13 March 2009

Barcelona

I arrived in this Spanish city on Wednesday around noon. I´ve been in luck with my hostels because they continue to offer free Internet access. Of course, I think you can understand if I would prefer to keep my time in front of the screen short in order to get outside and go exploring.

On my first day I walked around the center city area and along the beach. The city´s most famous street is the Las Ramblas, a curious collection of stands selling everything from chickens to cheap souvenirs set up on a wide median in the street. Throngs of people could be found on the street: locals walking to their destination, visitors gawking at the sights, merchants selling their goods, and others seeking money either through street-art or (likely fixed) games of chance.

Along the Las Ramblas is the St. Joseph´s Market, in which vendors sell a wide array of produce, meats, seafood, and other foods.

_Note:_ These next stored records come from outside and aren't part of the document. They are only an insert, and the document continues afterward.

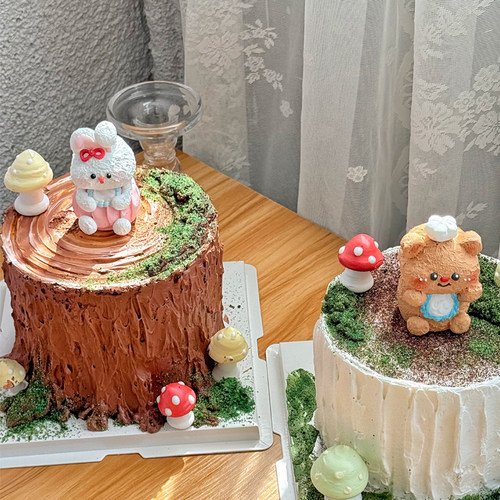 蘑菇奶油小狗猫兔子蛋糕装饰卡通生日黄油熊蛋白糖霜烘焙可食用摆 - 图3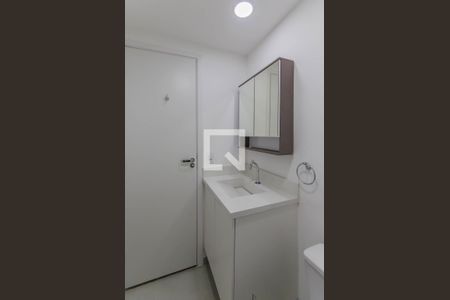 Banheiro de apartamento para alugar com 1 quarto, 28m² em Vila Mariana, São Paulo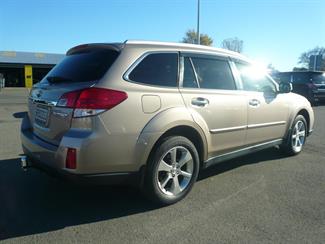 2013 Subaru OUTBACK - Thumbnail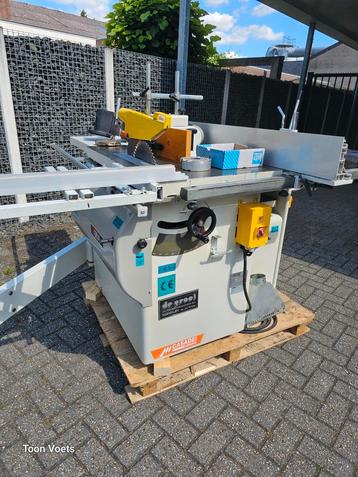 Combinatie machine 5 voudig Merk Casadei  beschikbaar voor biedingen
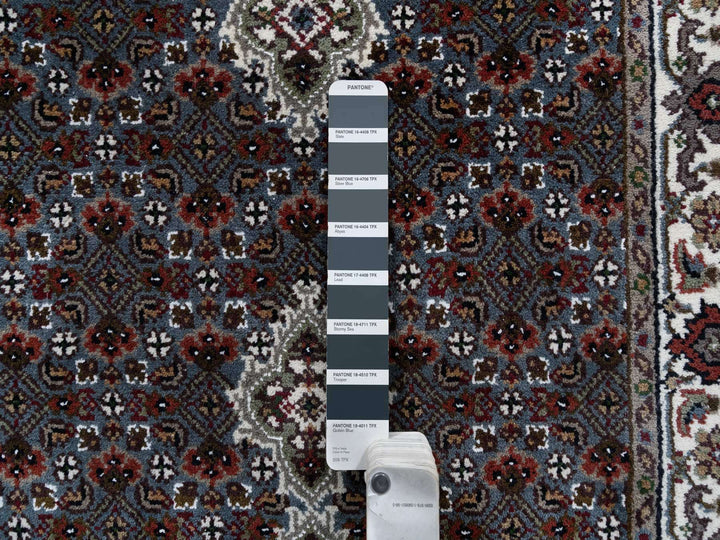 2'6" x 26'1" New Hand Knotted Grey Wool Runner Oriental Rug - MOA10264090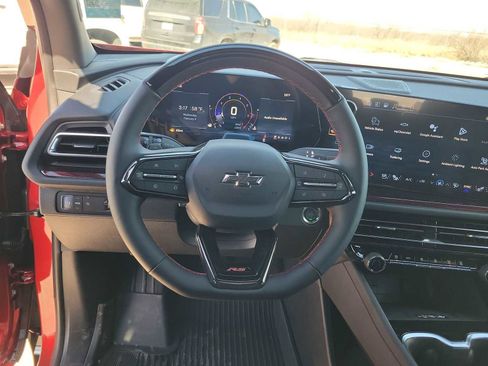 New 2026 Chevrolet Traverse RS w/ LPO, Floor Liner Package FWD image 19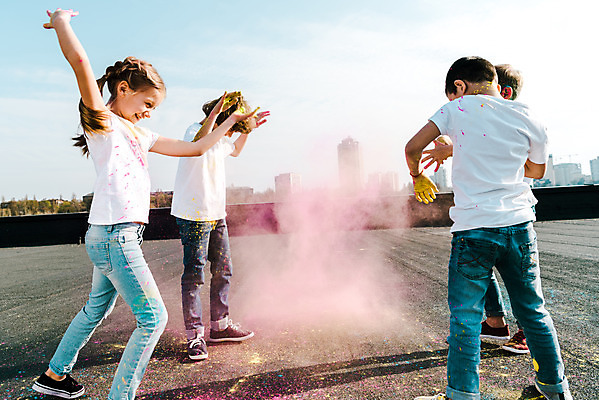 포토 JPG 주간 전신 서양인 외국인 백인 여자 어린이교육 교육 남자 어린이라이프 어린이 장난 미술 서기 동양인 소녀 소년 여러명 야외 옆모습 뒷모습 10대 컬러풀 글로벌 던지기 가루 즐거움 미술교육 천진난만 어린이만 더스트파티클 국내포토 자연요소 라이프스타일 감정 뷰포인트 컬러 다수 컨셉 모션 청소년 문화예술 사람 인종 파일형식
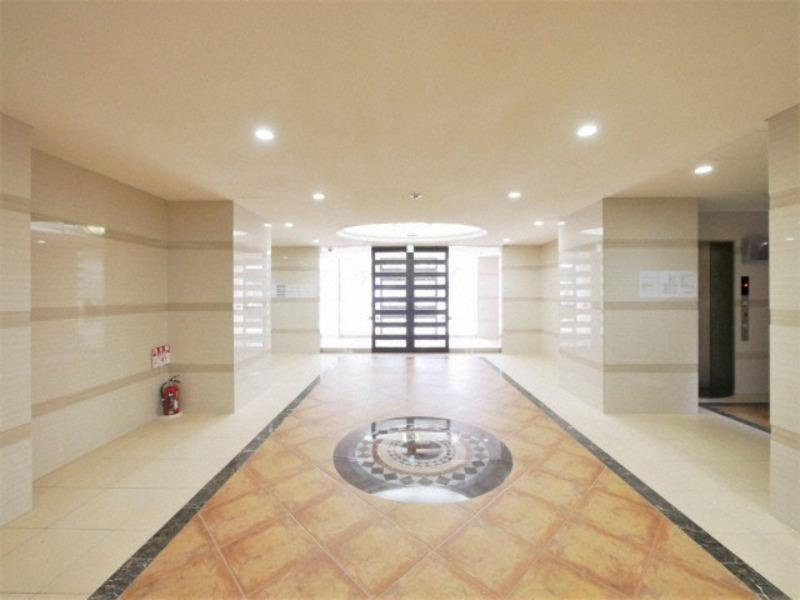 Luxe新大阪Iのロビー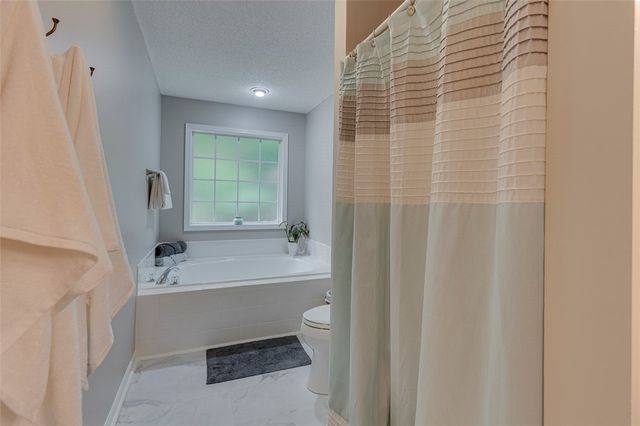 121 Crimson Leaf Lane, Liberty, SC 29657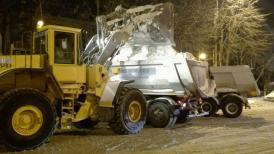 A început să fie ridicată zăpada din principalele intersecții din Constanța (galerie foto)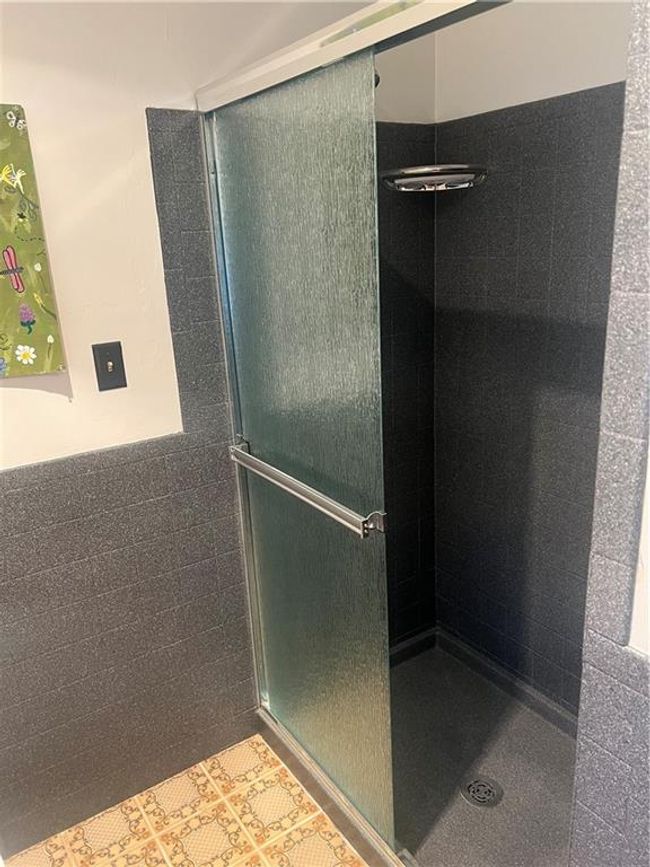 Master Bath | Image 32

Some of the more exotic items behind the glass counters were cow stomachs, pig legs from the knee down, sheep heads skinned but with eyes eerily still peering at customers, and various brains and hearts. Of course, other less "strange" food was available. There were several colorful fruit stands offering fresh juice, candy vendors with vast displays of chocolates and confections, and small stands that prepared delicious looking seafood dishes, some with crustaceans and mollusks that one couldn´t find on the menu of an American restaurant.

A stroll along the beach and harbor after the market provided fresh air and a calmer atmosphere.

Yesterday was spent admiring the architecture of Barcelona´s most famous architect, Antoni Gaudí. Throughout his career he was inspired by the organic forms he saw and admired in nature. He attempted to recreate these elements into his projects, for example, spirals like those on seashells. Undoubtedly his most famous work, and the internationally recognizable icon of Barcelona, was the Sagrada Familia. Construction on this Catholic church began in 1882 and continues to this day. Not mere cosmetic work remains though, the structure is only about 50% complete and Mass cannot even be held inside yet. Visitors to the construction site, perhaps one of the world´s most famous, can enter the church, but are separated from the areas where construction crews stay busy. If I remember correctly, eight of the towers are complete, but ten remain unfinished or not started. The church´s construction is paid for through private donations and, now, tourist entrance fees. Gaudí saw only an even smaller percentage of the chruch finished; he died an untimely death when struck by a streetcar in 1926. By the way, during the whole visit not a sign, pamphlet, or anyother source in the accompanying museum dared to project when construction on the Sagrada Familia would conclude.

Next I headed to a public park in Barcelona which Gaudí designed and intended to be a neighborhood. The neighborhood concept failed, but the architect´s unusually shaped structures remain. Visitors walk though, around, over, and under colorfully built forms that twist and turn in all directions. Unfortunately, much of the park was closed for renovations.

For the rest of today I will take my time to wander around more of the city. Tonight I will board an overnight train to Cordoba. I will remain there for a few days and take day trips to the nearby cities of Granada and Seville.

2 comments:

Anonymous said...

Oh no!!! So sad about Gaudi park... Did you at least get to see the bench? My favorite place.

nata

Nick O. said...

Nata: Yes, that portion of the park was open. If it's the bench that you are talking about (a long one that curves around the entire viewing point over the city), then I can understand your liking for it.